Sono state anche organizzate Masterclass con un numero chiuso e selezionato di partecipanti fra cui spiccavano: la verticale di Jacquesson con quattro cuvée della serie 7: 737 – 736 – 735 – 733, guidata da Jean-Hervé Chiquet, uno dei due fratelli che conducono la Maison di Dizy ormai simbolo indiscusso di eccellenza nella Champagne; verticali di Campogrande Cinqueterre, tenuta da Elio Altare e Tonino Bonanni; Roncùs Collio bianco Vecchie Vigne, con Marco Perco, la falanghina Quintodecimo Via del Campo, di Luigi Moio, per citarne alcuni, sino ad arrivare ad una meravigliosa degustazione di 4 rum della Pellegrini Private Stock condotta da Alessandro Pugi, eminenza grigia in fatto di distillati.

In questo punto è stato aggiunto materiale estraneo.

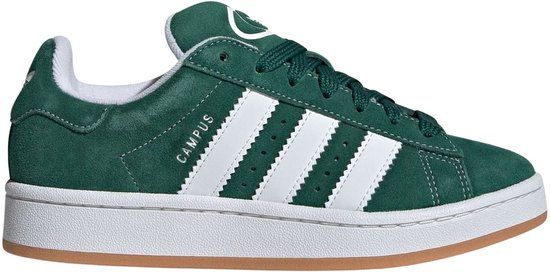 adidas Originals Campus 00s - Donkergroen - Maat 38 - Unisex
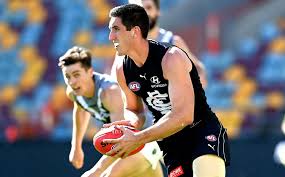 They will be missing young gun zak butters, who needed ankle surgery after the clash with richmond. Securing Your Seat Round 5 V Port Adelaide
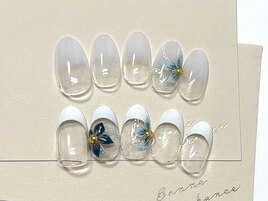 サマー×フラワー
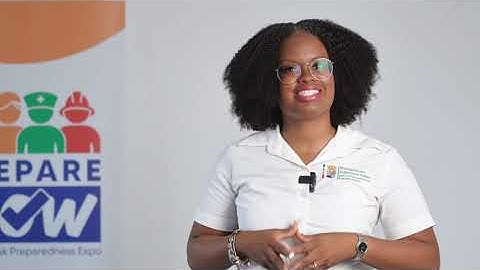 Prepare Now Workshop invitation video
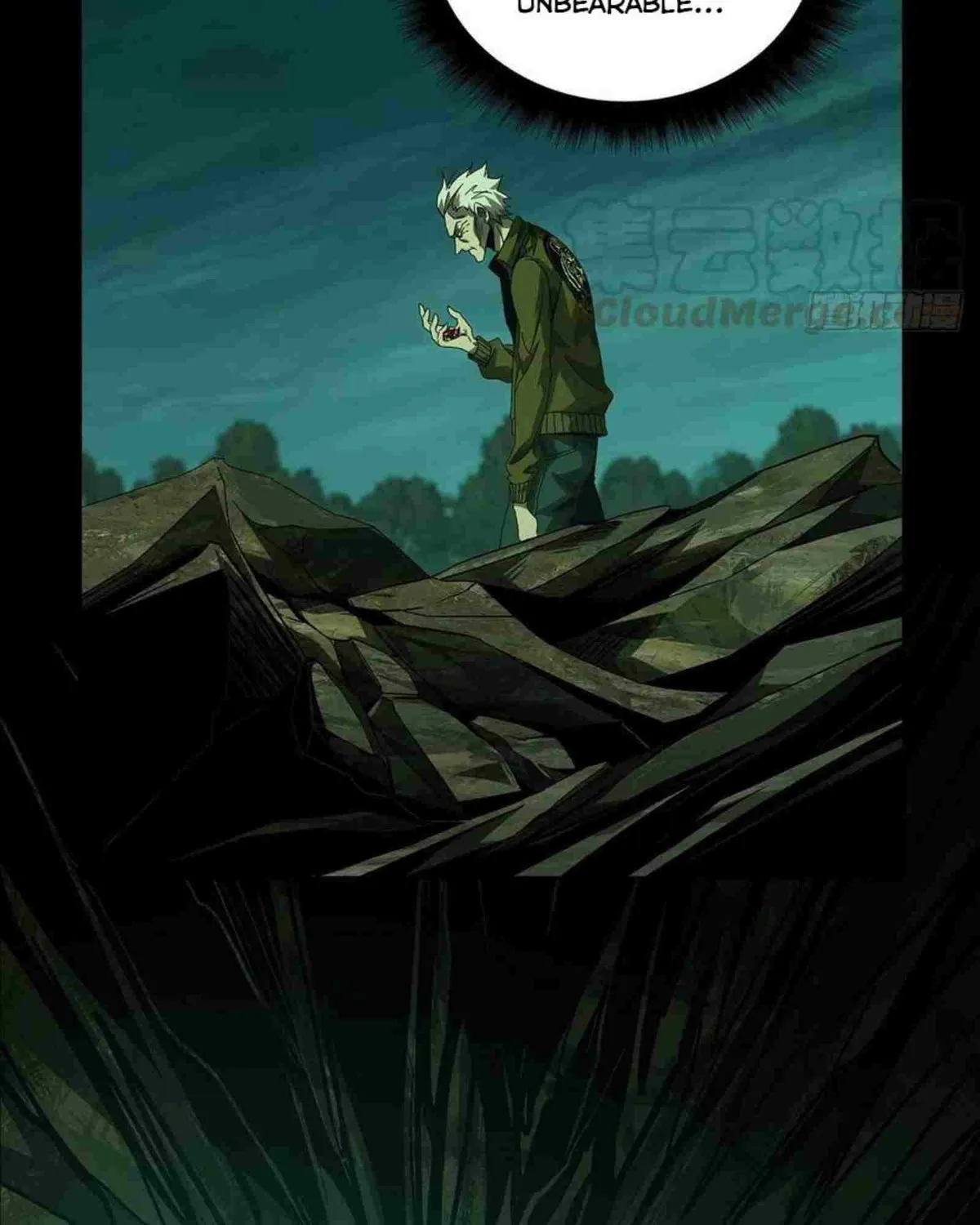Read Formless Form chapter 151 image 35 on Lezhin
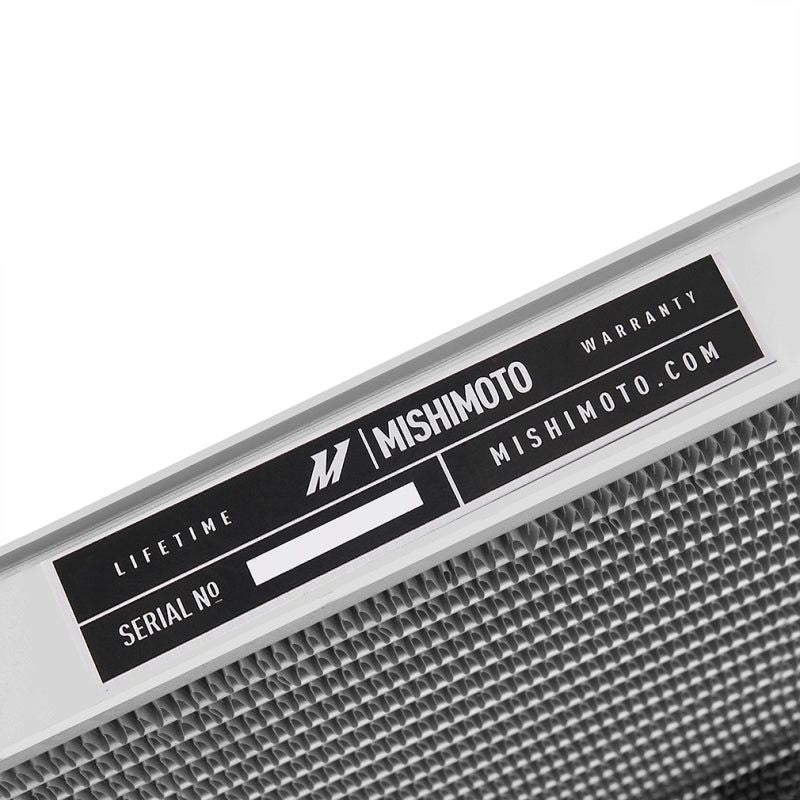 Mishimoto MMRAD-370Z-09TR - MISMMRAD-370Z-09TR - Mishimoto 09-20 Nissan 370Z Aluminum Radiator (AC Removal) - Shipped in Europe - Tuningsupply.com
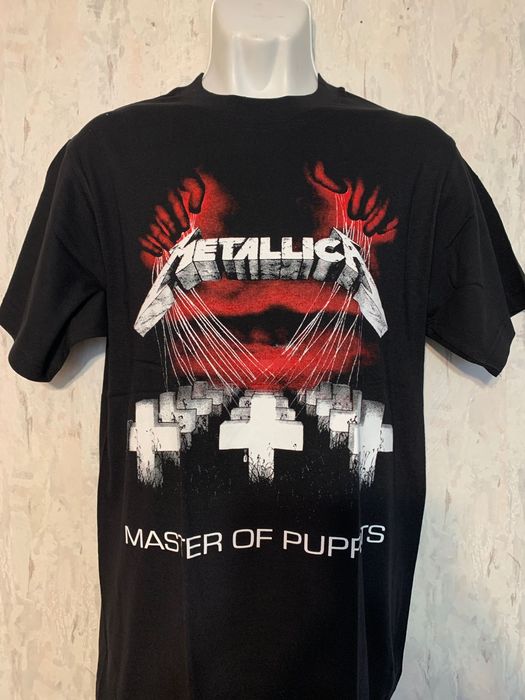 Тениска  Metallica,Pantera,Black Sabbath,Slayer,Megadeth,Motörhead
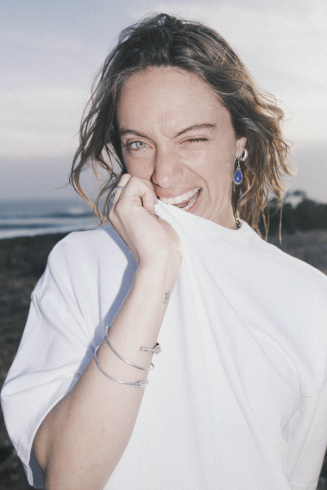 SRF Core Tee - Paper White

Ovviamente la verticale di Jacquesson non l’ho mancata e, ogni volta che mi avvicino a questo champagne, mi vengono i brividi dall’emozione.

Dunque dicevamo la serie 7 con, a far da capofila, la cuvée 737, l’ultima uscita da casa Chiquet e relativa alla vendemmia del 2009, dal colore dorato e dalle note vanigliate e boisée, con un bellissimo sentore di frutta dolce e una bella acidità che lo solleva. Vino godibilissimo fin d’ora, provare per credere.

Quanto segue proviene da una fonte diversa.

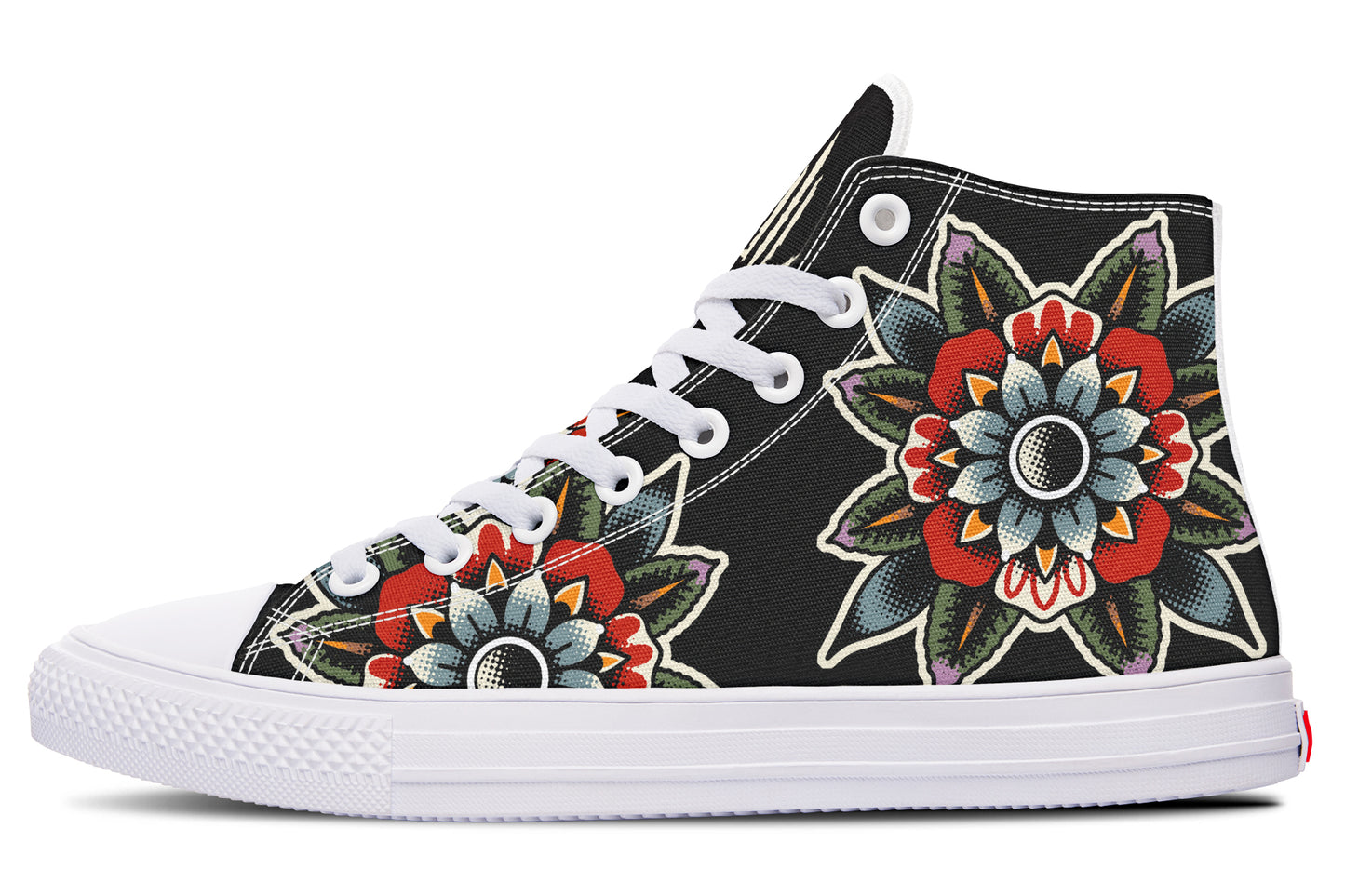 Furio Mandala High Tops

 A seguire la 736, base vendemmia 2008. La mia preferita della serie.

Colore meno intenso rispetto alla precedente e profumi nettamente più freschi e salini.

La mineralità e la freschezza cantano a squarciagola annunciando uno champagne che, purtroppo, secondo me deve ancora aspettare in cantina che arrivi il suo momento, quello perfetto.
Armiamoci di pazienza!

Arriviamo alla 735, millesimo di riferimento il 2007.
L’oro del bicchiere è molto marcato. Una sventagliata di profumi confetto si si leva solleticandomi il naso.
Sorso piacevole e croccante senza essere troppo di tutto. Un bell’equilibrio e una eleganza sottile.

Eccoci alla cuvée 733, elaborata a partire dalla vendemmia 2005.
Le condizioni meteo di quell’anno non furono particolarmente difficili ma il mese di Luglio fu un po’ troppo piovoso, favorendo lo sviluppo della botrytis.
Nonostante qualche difficoltà la Maison Jacquesson riuscì a produrre, con cura e meticolosità, uno champagne eccellente, ben al di sopra della media.
In effetti il mio assaggio conferma quanto sopra descritto. La 733 è una delle cuvée memorabili.
Equilibrio e potenza senza arroganza.
Pieno e moussoso in bocca, avvolge il palato totalmente e porta una pienezza confortante.
E’ minerale, fresco ma non magro e pungente.
Tanta frutta bianca fresca, tanto agrume, un paio di mandorle qui e li, e una bella nuance di crosta di pane tostato con il forno ancora aperto.
Un grande, grande vino. IMG_2994

Ma non è finita qui, Jean-Hervé ha tenuto in serbo la sorpresa finale: 733 DT in versione definitiva con etichetta!
Di questo vino non parlerò, se non per dire che secondo me è una vera opera d’arte cesellata da sapienti mani e dal tempo. Il resto lo avevo già scritto dopo uno dei miei viaggi in Champagne.
E’ stata però una forte emozione vedere un prodotto pronto e vestito e pensare che io l’avevo assaggiato ancora quando il suo nome era scritto a pennarello sulla bottiglia.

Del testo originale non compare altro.